## Exercise prompt
Where an image appears, leave it out; otherwise repeat the data exactly.

## Collected data
%%

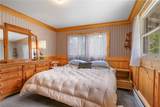 212 Briar Rose Lane - Photo 20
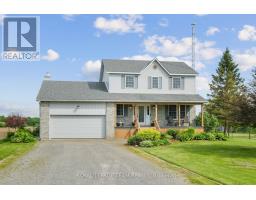 590 LATOURELL ROAD, North Grenville, Ontario
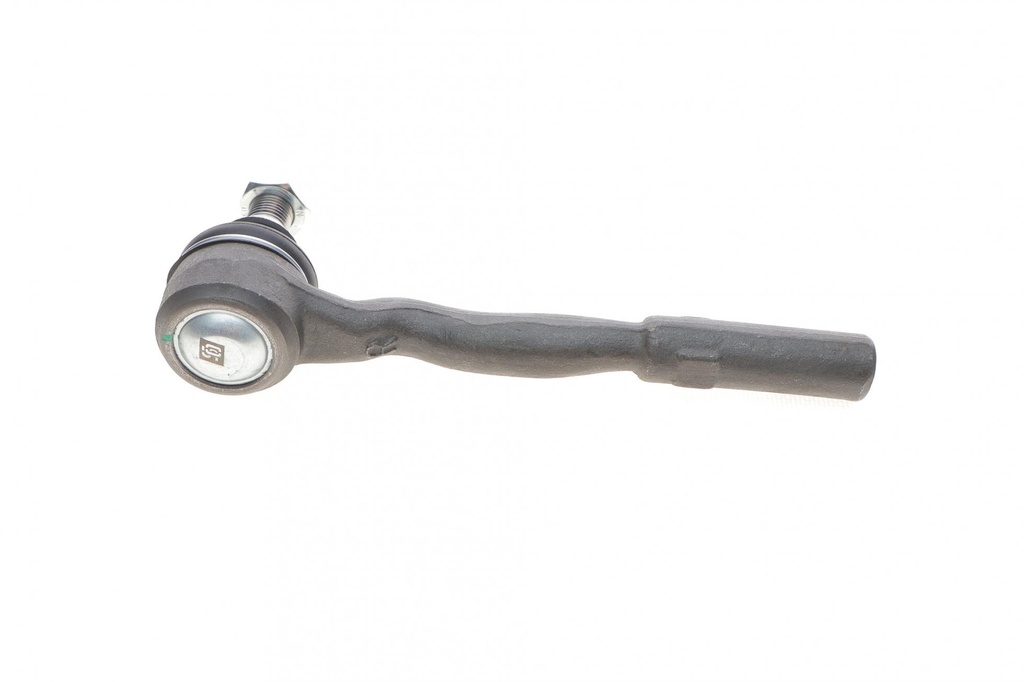 Наконечник тяги рулевой (R) MB E-class (W211) 02-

%%

## Solution below
 212 Briar Rose Lane - Photo 20
 590 LATOURELL ROAD, North Grenville, Ontario
 Наконечник тяги рулевой (R) MB E-class (W211) 02-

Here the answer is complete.